The relationship with the eigenvectors of the covariance of $M$

Before moving any further it is important to spend some time on the relationship between SVD and eigen-decomposition. The two operations are very closely related and surfacing these ideas will make our lives easier in the subsequent part of the post.

Let’s start from the following (given $M = U \Sigma V^T$ )

\begin{equation} \label{eq:svd1} M^T = (U \Sigma V^T)^T = (V^T)^T \Sigma^T U^T = V \Sigma U^T \end{equation}

where we exploited the fact that $\Sigma$ is diagonal, hence equal to its transpose. Now let’s right multiply both members by $M$ and obtain

\begin{equation} \label{eq:svd2} M^T M = V \Sigma U^T U \Sigma V^T = V \Sigma^2 V^T \end{equation}

where we can simplify $U^T U = I$ due to $U$ being orthonormal and $\Sigma \Sigma = \Sigma^2$ due to its diagonality. Now let’s right multiply again, by $V$ this time and obtain

\begin{equation} M^T M V = \Sigma^2 V \; (1) \end{equation}

Now, remember that given a matrix $A$ , its eigenvalues ( $\lambda$ ) and eigenvectors ( $\textbf{e}$ ) are the entities satisfying $A\textbf{e} = \lambda \textbf{e}$ . This equation resembles very closely to (1). It is basically telling us that $M$ right singular vectors are $M^T M$ eigenvectors and that $\Sigma^2$ are its eigenvalues. To summarize (skipping the proof for $U$ )

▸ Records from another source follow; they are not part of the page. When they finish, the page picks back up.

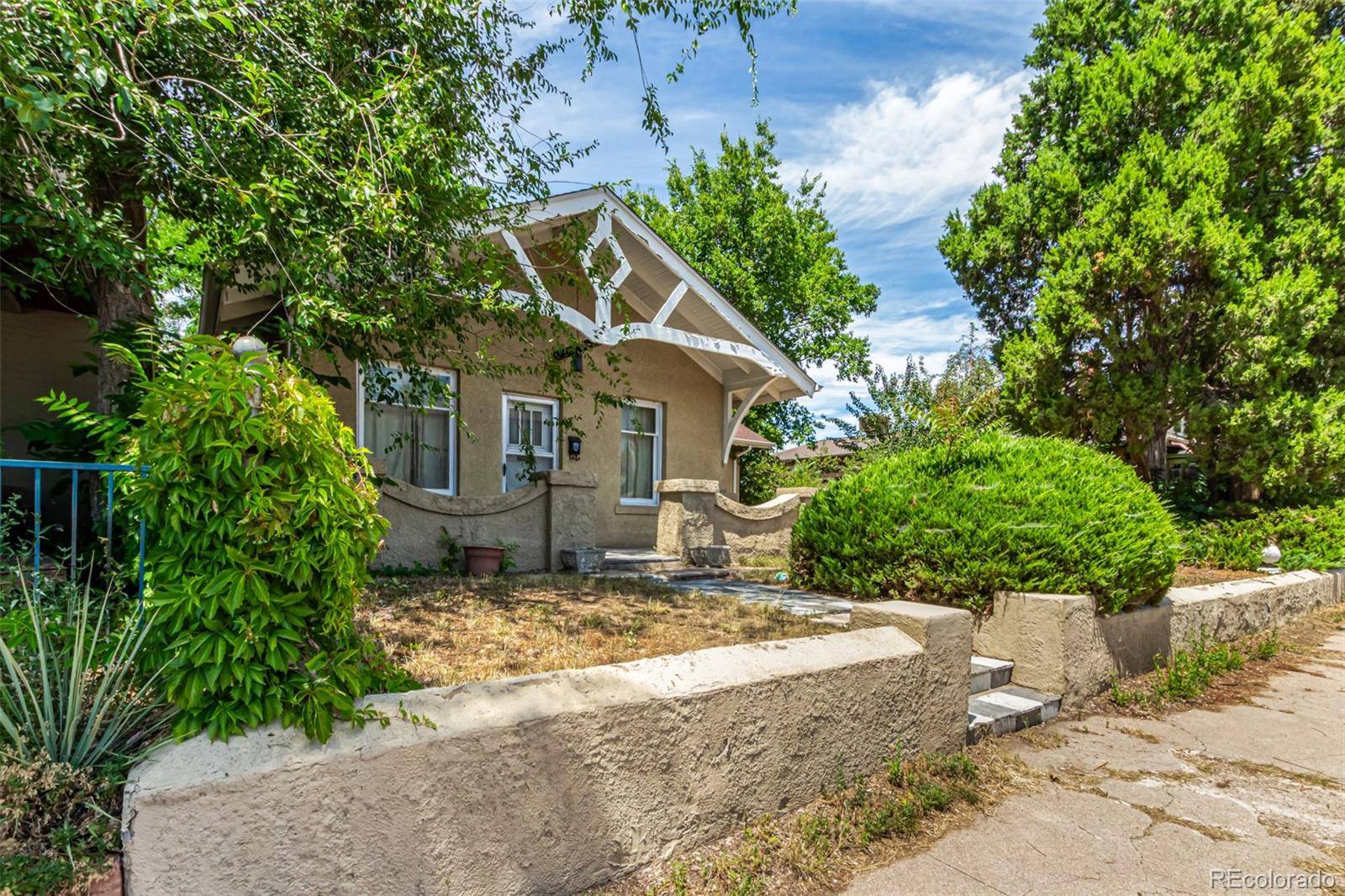 Denver, CO 80210,1273 S Clayton ST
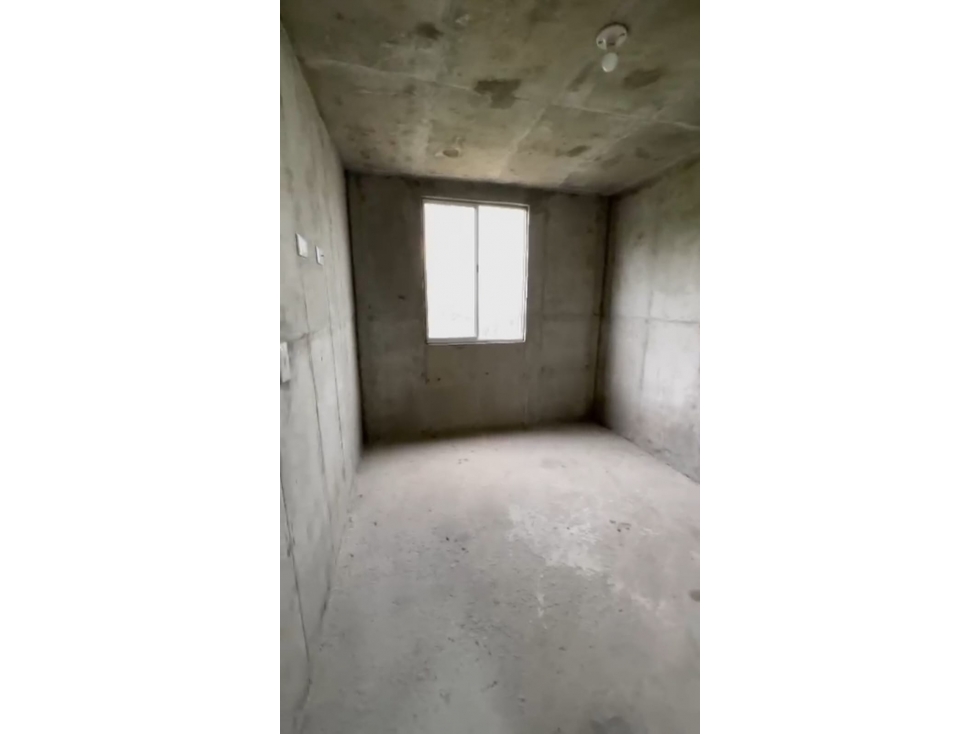 APARTAMENTO EN VENTA BELLO - NIQUIA UNIDAD CERRADA OBRA NEGRA — foto 5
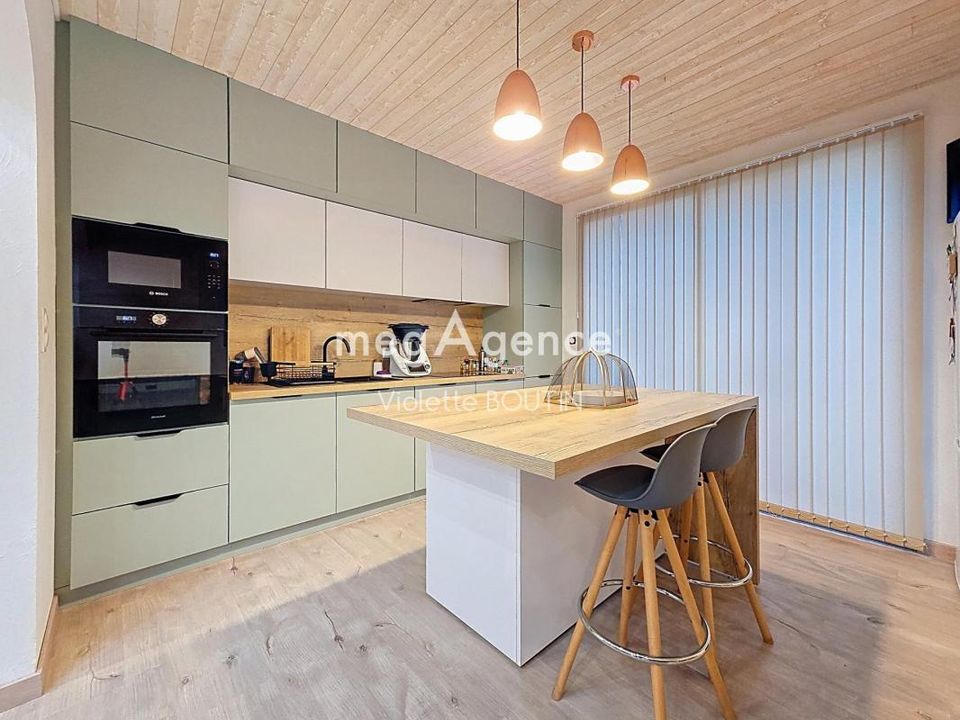 Villa i Tiffauges, Vendee - foto 4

The left-singular vectors of $M$ ( $U$ ) are a set of orthonormal eigenvectors of $M M^T$ .
The right-singular vectors of $M$ ( $V$ ) are a set of orthonormal eigenvectors of $M^T M$ .
The non-zero singular values of $M$ are the square roots of the non-zero eigenvalues of both $M^T M$ and $M M^T$ ( $\lambda = \sqrt{\sigma}$ ).

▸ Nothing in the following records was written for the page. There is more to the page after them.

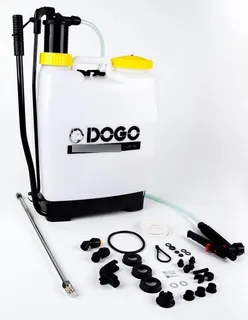 Mochila para desinfeccion mercadolibre hotsell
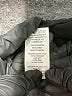 MICHAEL Michael Kors 100% Polyester Black Sleeveless Blouse Size XL - photo 8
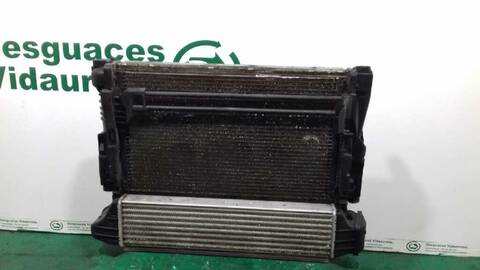 Radiador Calefaccion A.A. Bmw Serie 3 315 2.0 16V DIESEL CAT BERLINA 136CV 100KW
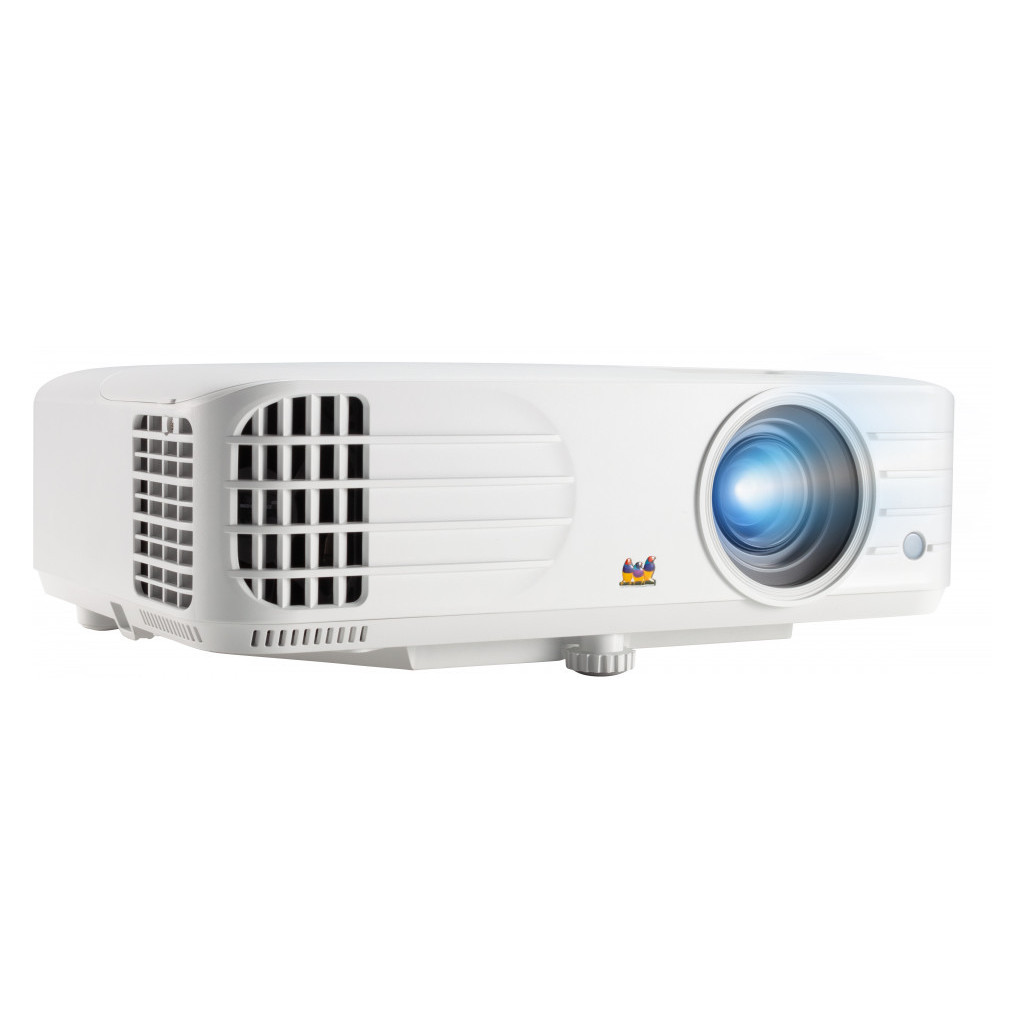 Проектор ViewSonic PX701HDH (VS17689) - зображення 5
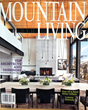 Mountain Living honored JLF Architects in the magazine’s 2018 Top Architects list, which recognizes the most talented and influential design firms in the Rocky Mountain West region.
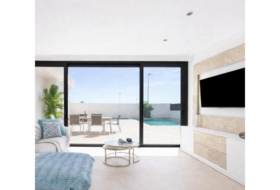 Los Alcázares 240&nbsp;m²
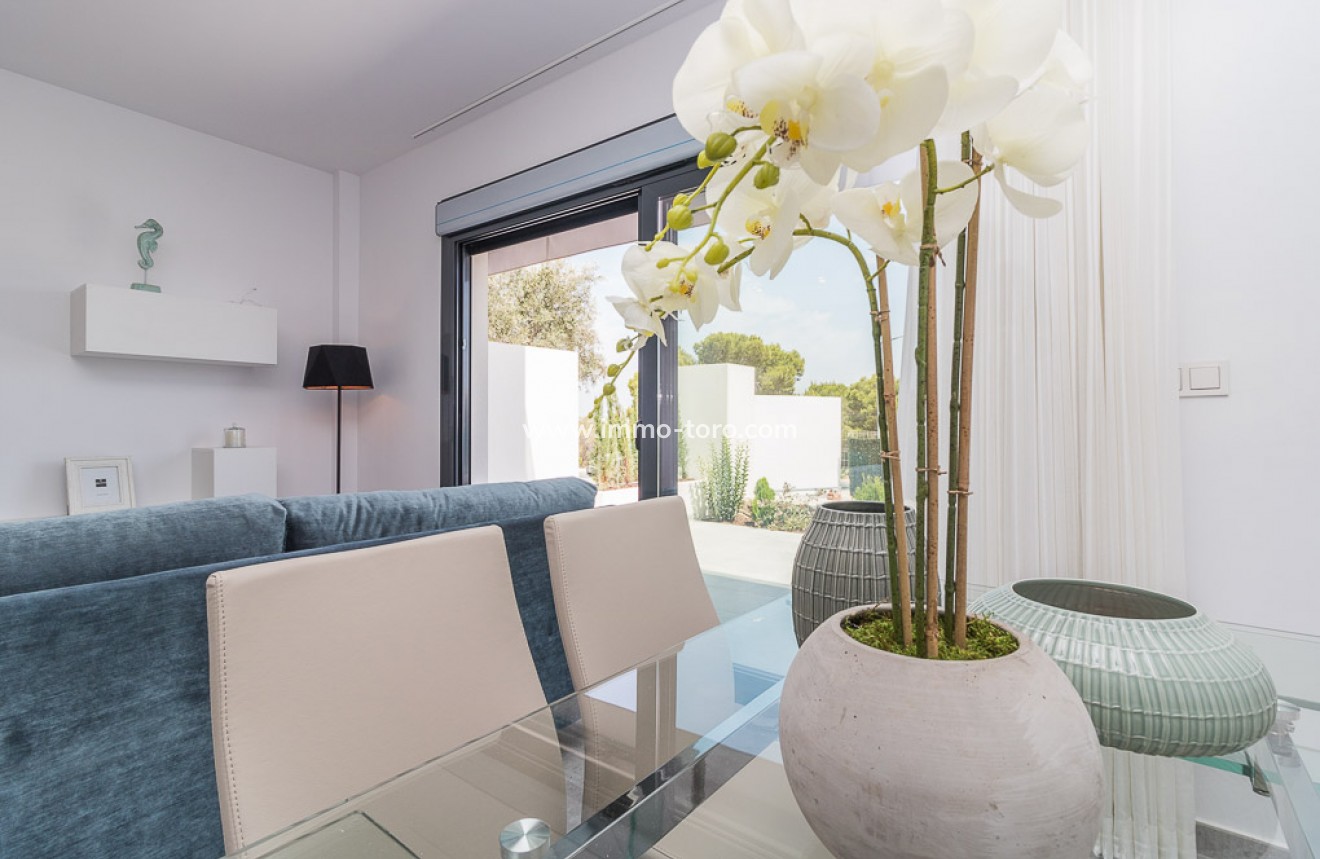 Nueva construcción  - Apartamento - Torrevieja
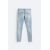 Zara Скинни джинсы, Цвет: Синий, Размер: EU 38 (US 30), изображение 6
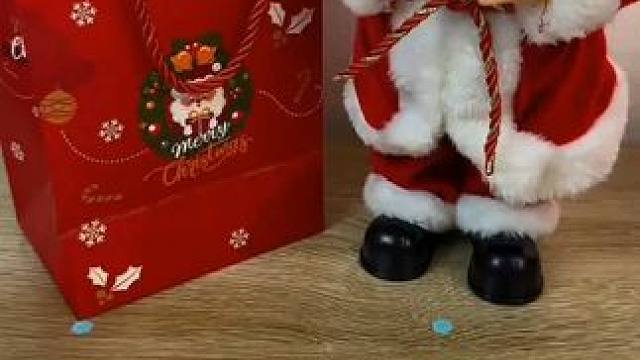 这是最好的礼物吗？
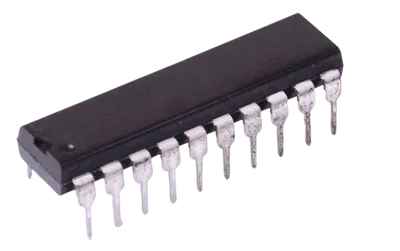 Integralno kolo SN74LS368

Having set the above premises, let’s see how all of this applies to Dimensionality Reduction first and to Recommender Systems after.

Dimensionality Reduction

We have a matrix $M \in m \times n$ and we want to represent it in a more concise form, say a matrix $M' \in m \times n'$ with $n' < n$ . We may want to do that for a number of reasons.

Data visualization purposes. We cannot really display a matrix $\in \mathcal{R}^d$ where $d > 3$ .
We are working on a ML model which is very computationally expensive to train. A solution could be to reduce the number of features we feed the algorithm with.
We need to save RAM, hence we have to reduce the size of the data set

The important thing here is that we want to come up with a matrix $M'$ containing as much information as possible from the original $M$ . We just want it to be a condensed form of $M$ .

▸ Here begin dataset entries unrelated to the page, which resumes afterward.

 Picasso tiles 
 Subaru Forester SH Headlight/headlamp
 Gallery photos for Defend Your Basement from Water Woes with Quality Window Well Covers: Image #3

We can achieve this goal in two ways. Both using matrix decomposition. In both cases we will be performing Principal Component Analysis (PCA). We will just apply it to different matrices.

Eigenvectors of $M^T M$

Remember, our starting point is $M$ . So, first step here is to calculate $M^T M \in n \times n$ (the covariance matrix). Then we compute $M^T M$ eigenvectors (or $M$ right singular vectors $V$ ). Let’s align $M^T M$ eigenvectors as columns in a matrix (appending from left to right in decreasing order based on eigenvalues) and call the matrix $E \in n \times n$ . Now, recall, we started with $m$ points in an $n$ -dimensional space and we want to shrink n to a value $n' < n$ . To do this, we just need to select the $n'$ leftmost $E$ columns and project $M$ on this new set of axes. So, in practice, the $n'$ leftmost $E$ columns constitute a matrix $\Theta \in n \times n'$ and $M \Theta = M' \in m \times n'$ , which is exactly what we wanted.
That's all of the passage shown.